» **Brief**
Show the lines of the material that contain the word "will".

» **Data for this task**
··········

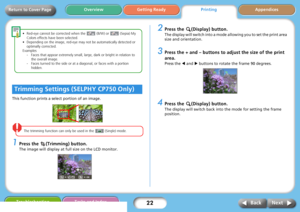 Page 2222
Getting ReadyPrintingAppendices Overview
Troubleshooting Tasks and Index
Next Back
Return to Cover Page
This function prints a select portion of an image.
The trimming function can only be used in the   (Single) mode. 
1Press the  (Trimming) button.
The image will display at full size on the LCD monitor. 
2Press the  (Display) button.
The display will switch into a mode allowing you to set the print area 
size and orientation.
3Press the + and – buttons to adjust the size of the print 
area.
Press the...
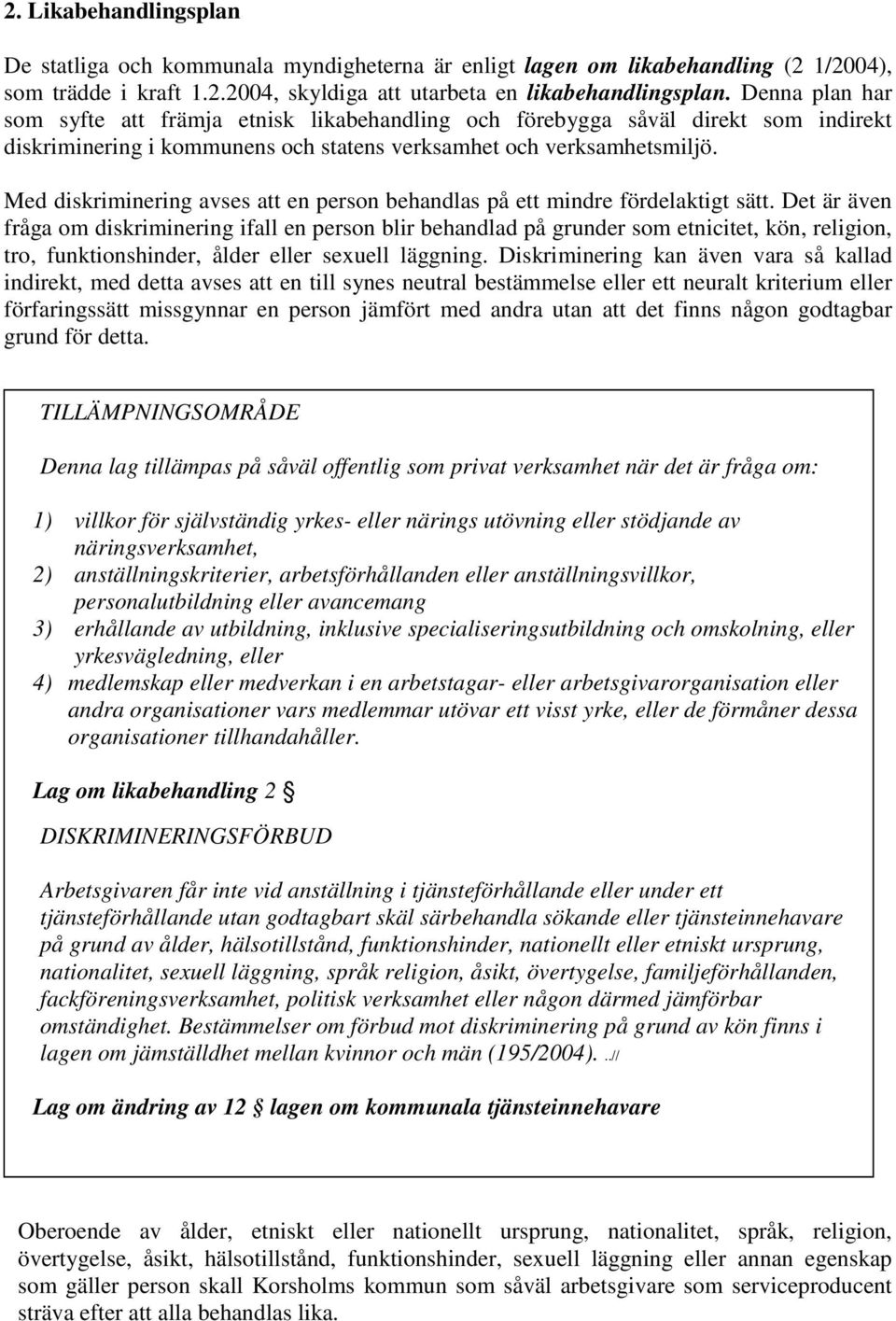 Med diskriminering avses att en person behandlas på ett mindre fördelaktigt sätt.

··········

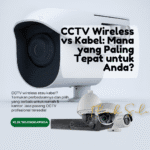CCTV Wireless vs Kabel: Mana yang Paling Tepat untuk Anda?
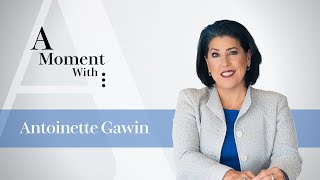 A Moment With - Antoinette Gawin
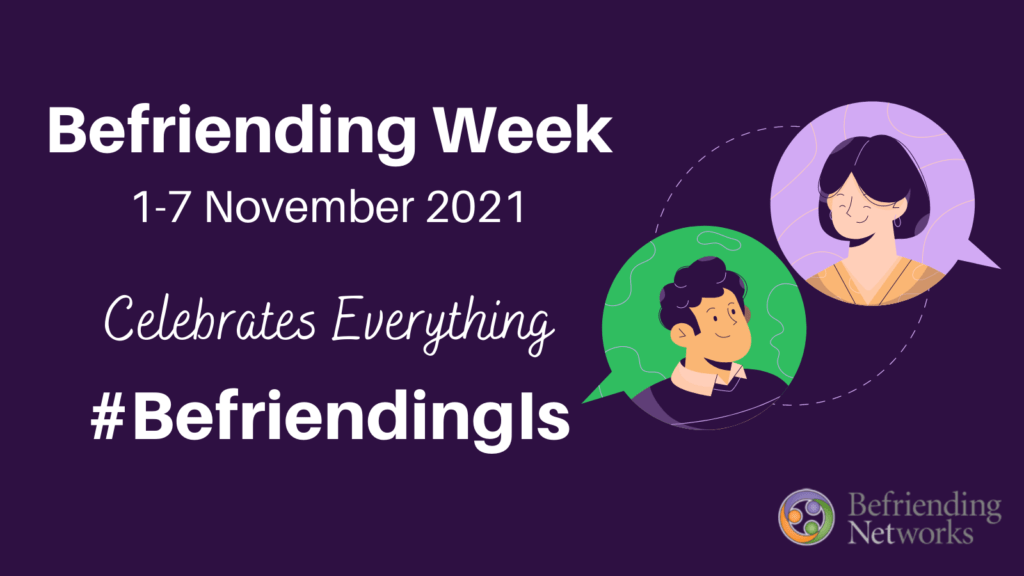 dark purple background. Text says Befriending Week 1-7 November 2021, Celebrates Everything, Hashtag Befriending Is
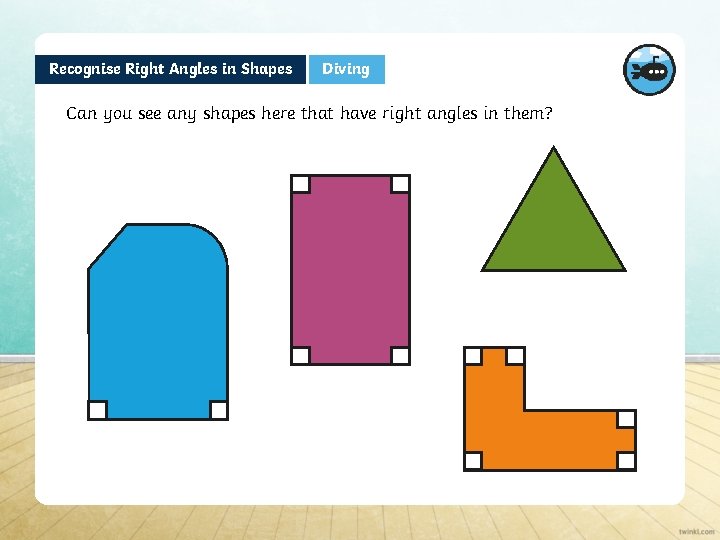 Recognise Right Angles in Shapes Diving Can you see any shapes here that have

··········

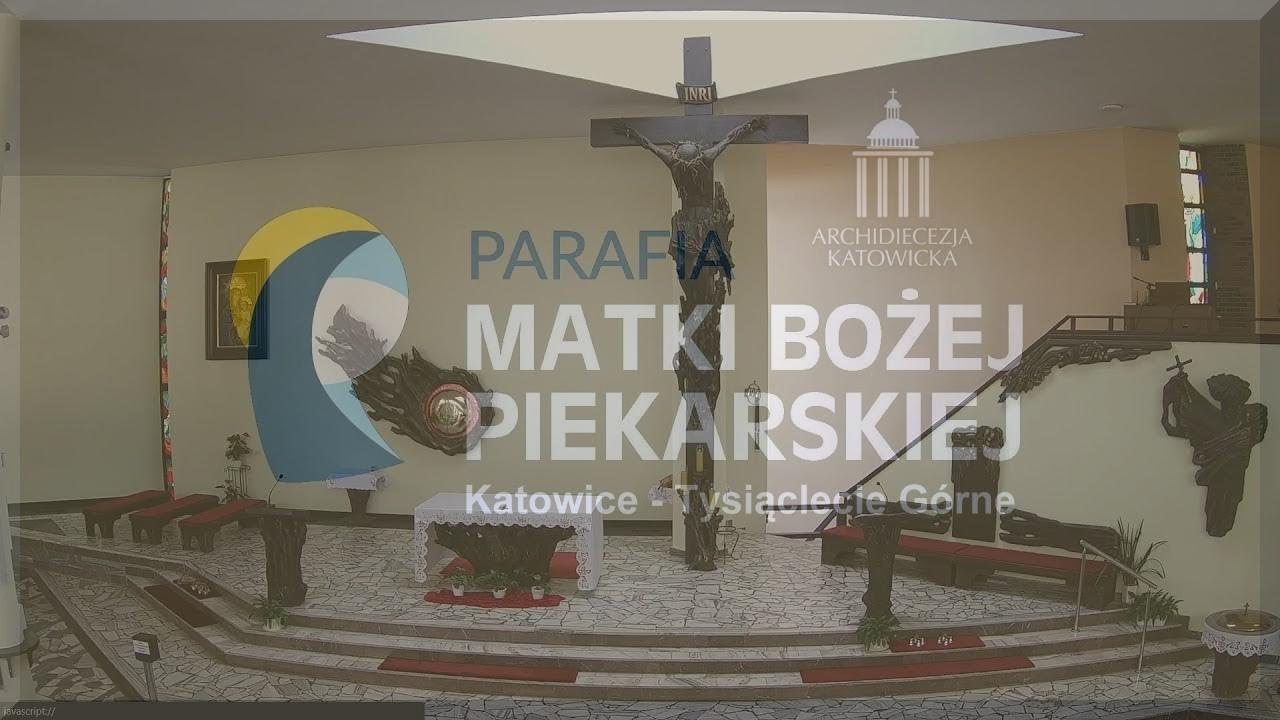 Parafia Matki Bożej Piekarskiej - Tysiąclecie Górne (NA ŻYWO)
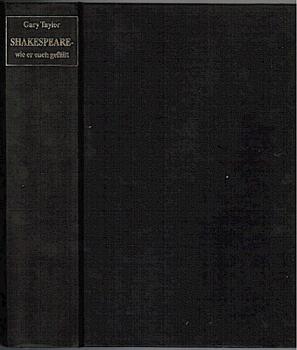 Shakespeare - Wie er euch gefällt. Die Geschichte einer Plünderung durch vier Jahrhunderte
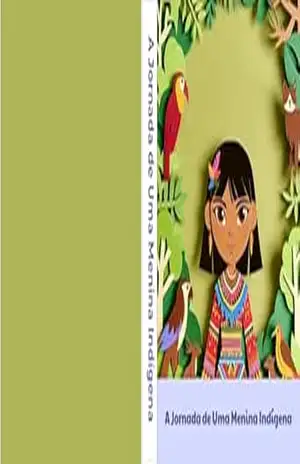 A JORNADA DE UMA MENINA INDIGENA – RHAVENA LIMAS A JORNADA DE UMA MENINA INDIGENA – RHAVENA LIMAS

··········

» **Exercise solution**
The image will display at full size on the LCD monitor. 
The display will switch into a mode allowing you to set the print area 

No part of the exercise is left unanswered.